Les microbes de l'Antarctique ont récemment été cartographiés d'une manière jamais réalisée auparavant. Une étude novatrice a révélé que plus d'un tiers des gènes découverts dans l'océan Austral sont totalement inconnus de la science. Ces minuscules organismes jouent un rôle essentiel dans le cycle du carbone et influencent directement le climat de notre planète.
Un monde vivant sous les eaux glacées
Sous les eaux froides qui entourent le continent antarctique se cache un écosystème d'une complexité remarquable. Les microbes, invisibles à l'œil nu, se retrouvent par milliards dans chaque litre d'eau et sont responsables de nombreux processus vitaux pour l'équilibre de la Terre.
Une étude internationale approfondie
Une équipe de recherche internationale a récemment réalisé la cartographie génétique la plus complète jamais effectuée sur ces organismes. Les scientifiques ont analysé 218 échantillons d'eau collectés lors de l'Expédition de Circumnavigation Antarctique, une mission scientifique de trois mois qui a eu lieu entre 2016 et 2017. Après avoir séquencé l'ADN, les chercheurs ont comparé leurs résultats avec les bases de données de gènes marins existantes.
Des résultats surprenants
Les résultats de leur analyse sont édifiants : 38 % des gènes identifiés sont totalement absents de toutes les bases de données marines connues. Plus d'un gène sur trois n'existe nulle part ailleurs dans la littérature scientifique. Ces gènes inconnus ne forment pas une masse homogène ; au contraire, ils s'organisent en communautés distinctes, structurellement influencées par les masses d'eau et les courants océaniques.
Des communautés microbiennes uniques
Chaque couche d'eau abrite ses propres microbes, adaptés à des conditions spécifiques telles que la température, la salinité et la pression. L'océan Austral fonctionne ainsi comme un archipel biologique invisible, où chaque territoire présente une signature génétique unique.
Le rôle crucial du phytoplancton
Ces organismes ne sont pas de simples spectateurs de l'environnement polaire. Certains d'entre eux, comme le phytoplancton, assurent la moitié de la photosynthèse de la planète. D'autres types de bactéries déterminent le destin du carbone capturé, une partie étant recyclée en surface, tandis qu'une autre est envoyée vers les profondeurs.

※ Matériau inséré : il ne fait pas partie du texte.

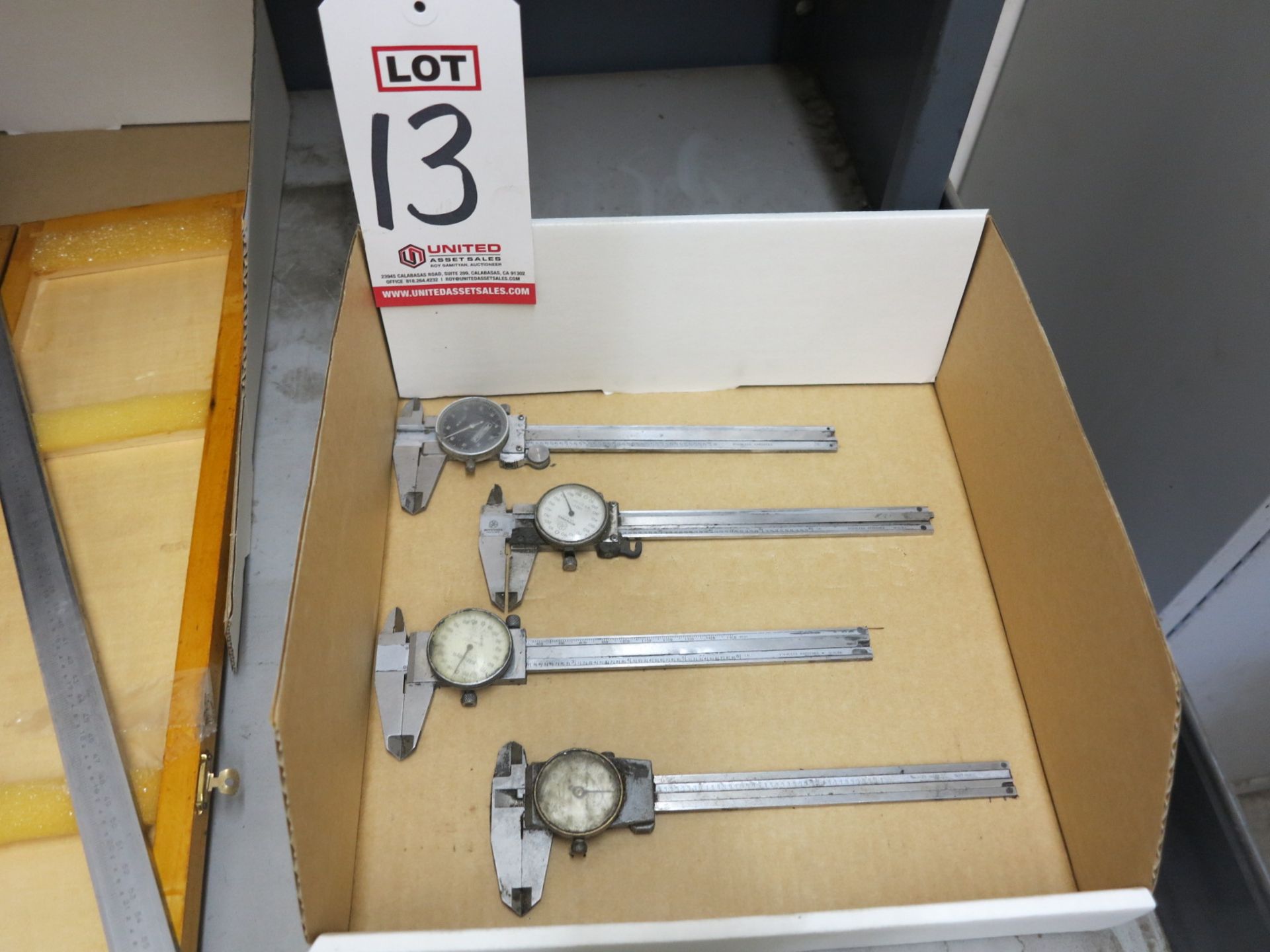 LOT - (4) MISC DIAL CALIPERS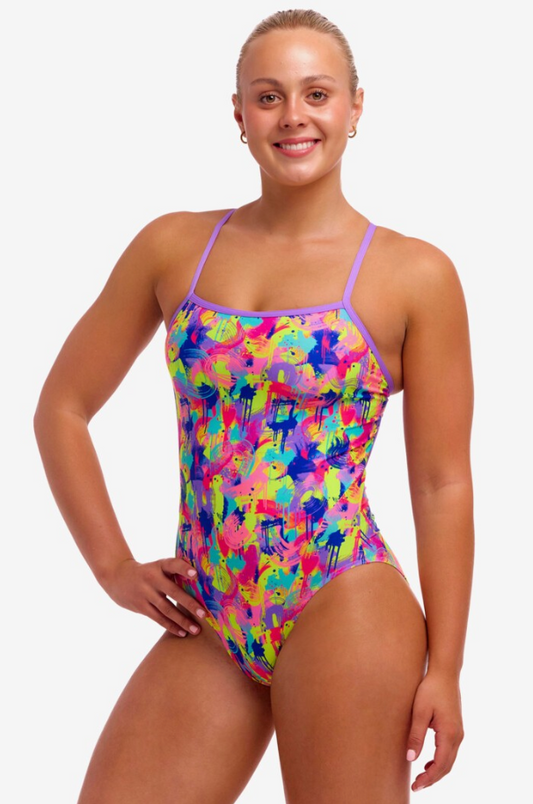 Funkita Womens One Piece Single Strap - Mess Match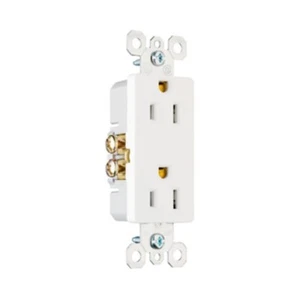 Legrand TM885W Trademaster Decorator Receptacle - Picture 1 of 1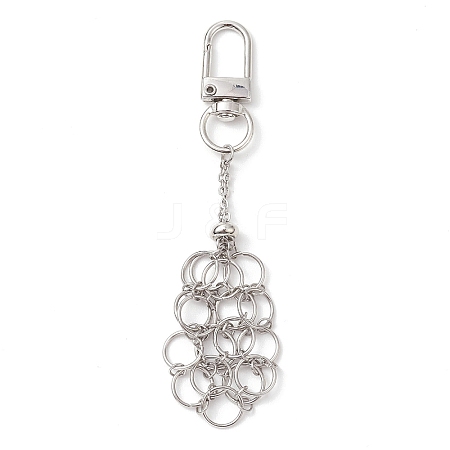 304 Stainless Steel Empty Stone Holder Chain Pouch Pendant Decorations HJEW-JM01884-01-1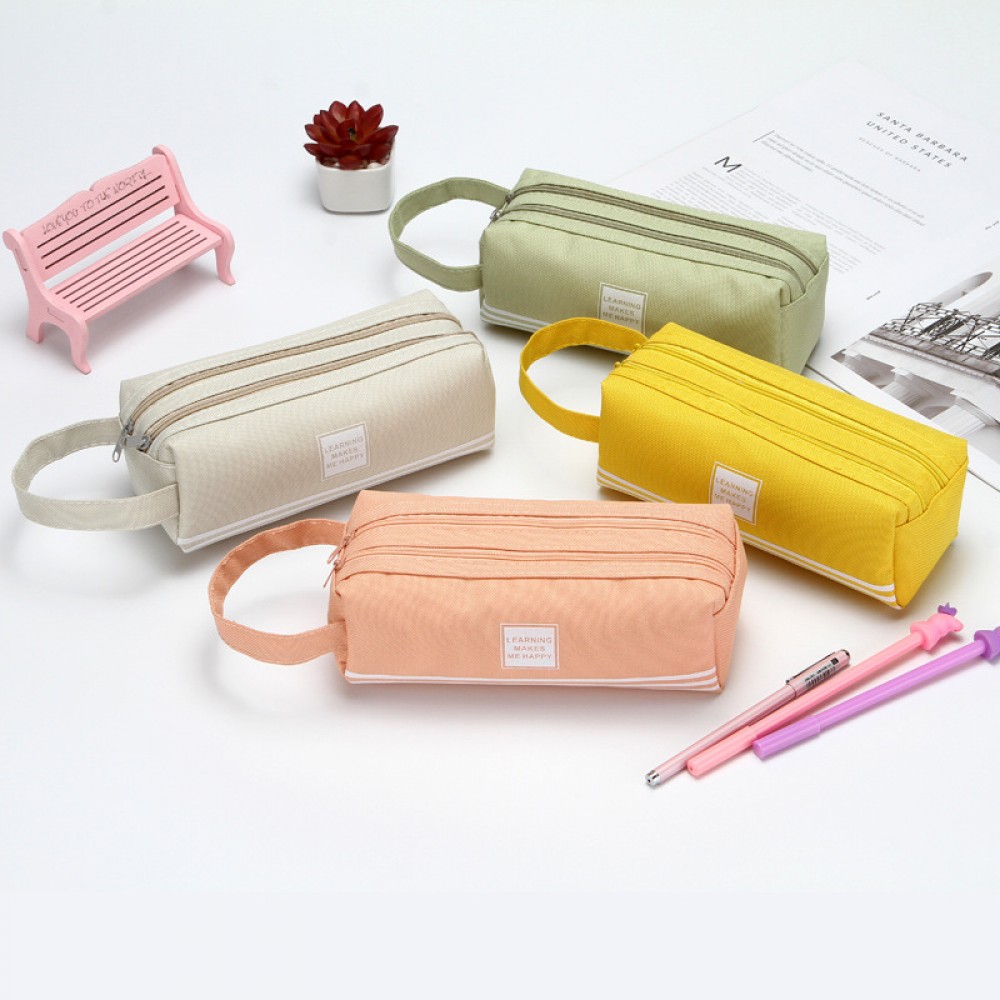 Logo Branded Stylish Canvas Pencil Case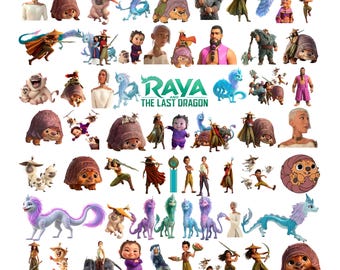 Raya and the Last Dragon PNG Bundle | Raya PNG Clipart | Dragon PNG Images | Fantasy Designs | Digital Download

Impact sur la formation des nuages
Selon une analyse relayée par Earth.com, plusieurs gènes récemment identifiés aident les microbes à décomposer des composés riches en soufre, libérant des gaz qui influencent la formation des nuages. La bactérie Pelagibacter, présente dans presque tous les océans du monde, illustre parfaitement cette diversité fonctionnelle. Dans les eaux chaudes, certains variants possèdent des gènes spécialisés dans l'absorption de métaux comme le nickel et le zinc, tandis que dans les eaux froides antarctiques, d'autres variants activent des gènes liés à la résistance au stress oxydatif.
Un enjeu dans le contexte du changement climatique
Ces découvertes prennent une importance particulière dans le contexte du changement climatique. L'océan Austral absorbe une quantité considérable de dioxyde de carbone et de chaleur générée par les activités humaines. Cependant, la circulation des masses d'eau qui structure les communautés microbiennes est affectée par le réchauffement climatique. Il est donc possible qu'une réorganisation de ces courants puisse redistribuer l'activité microbienne de la région sans déplacer une seule côte.
Des fonctions biologiques encore à explorer
Les chercheurs soulignent que ces gènes inconnus représentent autant de fonctions biologiques à caractériser. Comprendre leur rôle exact dans les cycles du carbone et du soufre pourrait affiner les modèles climatiques actuels. Pour cela, un suivi continu et une surveillance génétique tout au long de l'année sont essentiels.
Un territoire clé pour l'avenir climatique
L'océan Austral, longtemps perçu comme une périphérie scientifique, s'affirme aujourd'hui comme un territoire crucial pour comprendre l'avenir du climat terrestre. Ces recherches sur les microbes de l'Antarctique ouvrent de nouvelles perspectives sur la manière dont ces organismes influencent notre environnement et, par extension, notre climat.